The followup volume, Queen Isabeau’s Book, develops Edward Red Mage further, giving him considerably more self-confidence and setting him against bigger and badder enemies with more at stake–the Queen’s life is in grave danger from an unknown enemy, and Edward is searching for the source of the threat, more than willing to risk his own life for the good of the kingdom. Edward also falls head over heels in love with a completely unsuitable young lady and learns rather a lot about Life In General thereby. I enjoyed the hell out of this book, and since I’ve been reading her work for years, I can tell you that the next book will slam things into even higher gear. I can’t wait to get to the editorial stage on that one!
For doll enthusiasts, Angela P. Wade also has a lovely array of doll clothing and patterns on her etsy page.
Moving to the younger end of the scale, I came across a couple of really fun kid’s books recently. Lisa M. Becker and illustrator Rachael Mahaffey teamed up on Have You Ever Seen…, which I found to be a very, very cute concept. For example: “Have you ever seen a crab call a cab? Have you ever seen a cow take a bow?” The illustrations are delightful, and I can definitely see reading this to a toddler with great results. Unfortunately the author doesn’t seem to have a solid social media presence or web site at this time, so the best I can do is direct you to the Amazon page to take a look at the book.

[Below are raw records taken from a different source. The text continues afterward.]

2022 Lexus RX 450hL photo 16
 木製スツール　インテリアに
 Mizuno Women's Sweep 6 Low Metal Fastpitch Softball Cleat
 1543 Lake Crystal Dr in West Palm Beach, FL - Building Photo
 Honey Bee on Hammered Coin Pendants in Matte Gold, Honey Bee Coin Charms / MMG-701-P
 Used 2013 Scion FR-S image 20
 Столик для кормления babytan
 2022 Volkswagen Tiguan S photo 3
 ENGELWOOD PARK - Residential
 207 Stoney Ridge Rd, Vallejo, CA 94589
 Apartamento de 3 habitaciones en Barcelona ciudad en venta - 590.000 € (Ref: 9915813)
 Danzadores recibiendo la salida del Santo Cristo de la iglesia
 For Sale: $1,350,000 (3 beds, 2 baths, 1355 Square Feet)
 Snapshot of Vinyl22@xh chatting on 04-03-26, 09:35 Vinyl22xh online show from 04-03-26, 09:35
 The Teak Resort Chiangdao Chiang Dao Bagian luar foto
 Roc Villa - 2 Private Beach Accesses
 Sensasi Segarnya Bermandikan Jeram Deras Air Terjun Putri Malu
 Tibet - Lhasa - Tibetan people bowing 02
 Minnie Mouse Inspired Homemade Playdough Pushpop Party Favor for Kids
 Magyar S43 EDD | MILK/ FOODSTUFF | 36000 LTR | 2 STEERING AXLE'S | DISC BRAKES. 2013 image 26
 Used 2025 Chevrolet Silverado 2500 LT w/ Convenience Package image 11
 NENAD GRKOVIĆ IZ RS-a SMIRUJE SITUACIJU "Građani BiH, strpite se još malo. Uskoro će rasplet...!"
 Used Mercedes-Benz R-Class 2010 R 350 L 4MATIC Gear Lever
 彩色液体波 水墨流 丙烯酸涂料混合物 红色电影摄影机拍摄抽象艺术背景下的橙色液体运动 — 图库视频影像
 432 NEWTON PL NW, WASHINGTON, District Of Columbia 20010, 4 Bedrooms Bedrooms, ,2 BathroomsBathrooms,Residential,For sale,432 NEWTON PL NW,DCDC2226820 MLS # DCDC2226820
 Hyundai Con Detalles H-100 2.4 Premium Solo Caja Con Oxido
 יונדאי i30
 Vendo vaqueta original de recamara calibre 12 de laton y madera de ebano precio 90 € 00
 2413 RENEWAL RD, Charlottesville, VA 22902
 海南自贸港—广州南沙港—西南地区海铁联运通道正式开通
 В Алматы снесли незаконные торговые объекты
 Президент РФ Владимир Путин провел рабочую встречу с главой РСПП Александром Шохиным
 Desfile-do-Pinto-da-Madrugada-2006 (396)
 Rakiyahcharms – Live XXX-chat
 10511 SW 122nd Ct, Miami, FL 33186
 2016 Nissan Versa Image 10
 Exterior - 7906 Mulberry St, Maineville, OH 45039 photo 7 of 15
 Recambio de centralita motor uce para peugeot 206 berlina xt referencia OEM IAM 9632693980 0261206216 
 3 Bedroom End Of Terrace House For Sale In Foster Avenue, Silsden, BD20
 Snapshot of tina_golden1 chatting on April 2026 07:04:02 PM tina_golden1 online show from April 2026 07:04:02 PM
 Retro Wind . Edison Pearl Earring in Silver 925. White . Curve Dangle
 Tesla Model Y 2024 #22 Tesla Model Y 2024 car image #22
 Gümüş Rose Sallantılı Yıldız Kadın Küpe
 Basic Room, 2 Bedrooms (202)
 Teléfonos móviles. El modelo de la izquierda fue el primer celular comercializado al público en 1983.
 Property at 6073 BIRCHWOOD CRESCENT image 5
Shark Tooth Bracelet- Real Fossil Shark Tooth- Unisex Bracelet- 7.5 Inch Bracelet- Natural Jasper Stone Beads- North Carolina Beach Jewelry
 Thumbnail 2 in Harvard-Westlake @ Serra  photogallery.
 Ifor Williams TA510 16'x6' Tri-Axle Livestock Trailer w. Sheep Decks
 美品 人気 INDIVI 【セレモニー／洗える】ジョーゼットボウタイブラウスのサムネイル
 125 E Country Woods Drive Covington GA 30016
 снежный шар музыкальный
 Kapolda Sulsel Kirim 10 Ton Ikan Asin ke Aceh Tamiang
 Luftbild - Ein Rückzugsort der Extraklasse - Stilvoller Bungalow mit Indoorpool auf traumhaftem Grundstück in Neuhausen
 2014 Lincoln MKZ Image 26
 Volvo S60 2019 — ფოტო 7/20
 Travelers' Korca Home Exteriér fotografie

Mahaffey, however, does have more on tap than this one book; she also illustrated An Ordinary Toad’s Extraordinary Night, another charming kid’s book by author Joanne McGonagle. In Ordinary, a young toad wonders “whether his life would be more interesting had be been hatched a frog.” He sets out to ask his grandfather, and along the way discovers and delivers a lot of information about amphibians to the reader. It’s a fun read that educates even as it amuses. The difference in styles between the two books is remarkable; one is very watercolor-blurry, the other more cartoonish in its clear lines and sharp colors. I liked them both, and I had fun browsing through McGonagle’s portfolio online. If you’re looking for a children’s book illustrator, she’s definitely a good name to look up.
I’m going to close out there; I think I’ve added enough to your TBR list for one day! If you do take any of the above suggestions, please also remember that the best gift you can possibly give an author is a review. Post on Goodreads or B&N*, Facebook, Twitter–tell your friends, get others to read the book as well!
Now go forth–Read and Enjoy!
* I’ve stopped recommending Amazon as a place to leave reviews because it’s put some really absurd restrictions into place that have directly hurt authors. For more details on that, check out Anne R Allen’s blog post on the topic.